Description of the task →
Below is a listing; transcribe it exactly but without any images.

Data block →

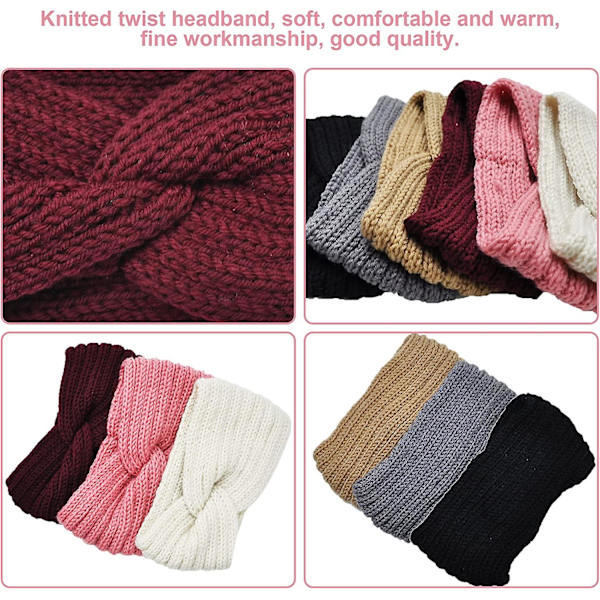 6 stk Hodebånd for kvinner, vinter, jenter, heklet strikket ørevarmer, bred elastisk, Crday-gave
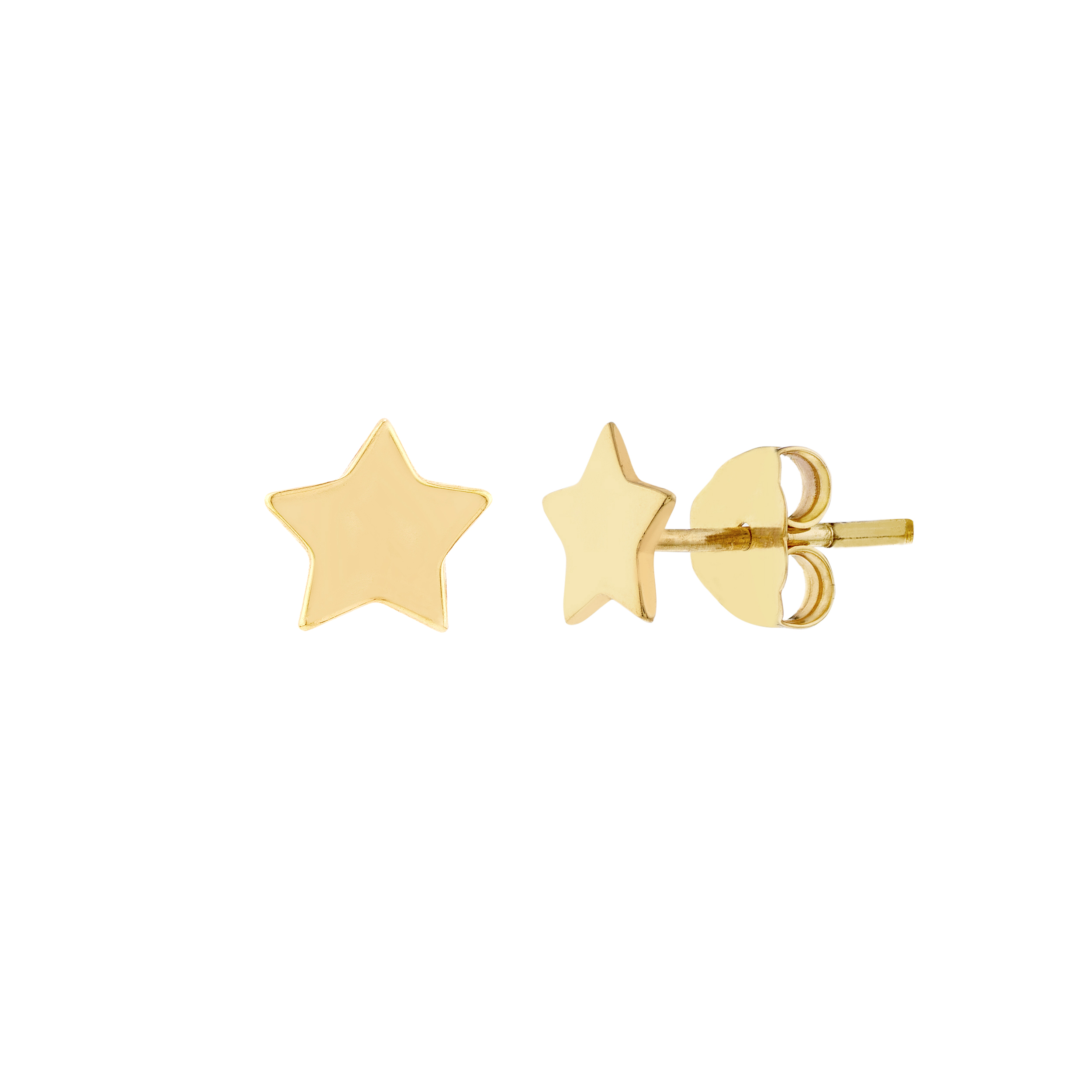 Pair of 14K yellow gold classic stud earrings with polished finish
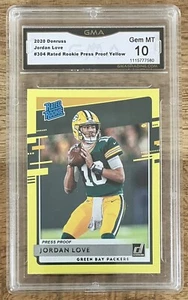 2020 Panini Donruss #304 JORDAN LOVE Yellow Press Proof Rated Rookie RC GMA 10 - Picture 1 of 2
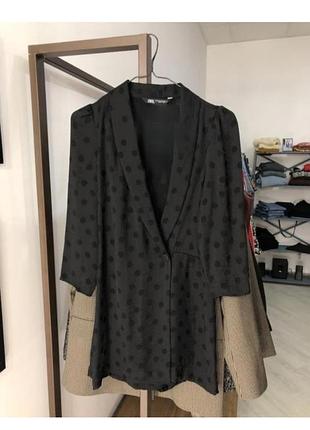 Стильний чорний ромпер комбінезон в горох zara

Reply →
 6 stk Hodebånd for kvinner, vinter, jenter, heklet strikket ørevarmer, bred elastisk, Crday-gave
 Pair of 14K yellow gold classic stud earrings with polished finish
 2020 Panini Donruss #304 JORDAN LOVE Yellow Press Proof Rated Rookie RC GMA 10 - Picture 1 of 2
 Стильний чорний ромпер комбінезон в горох zara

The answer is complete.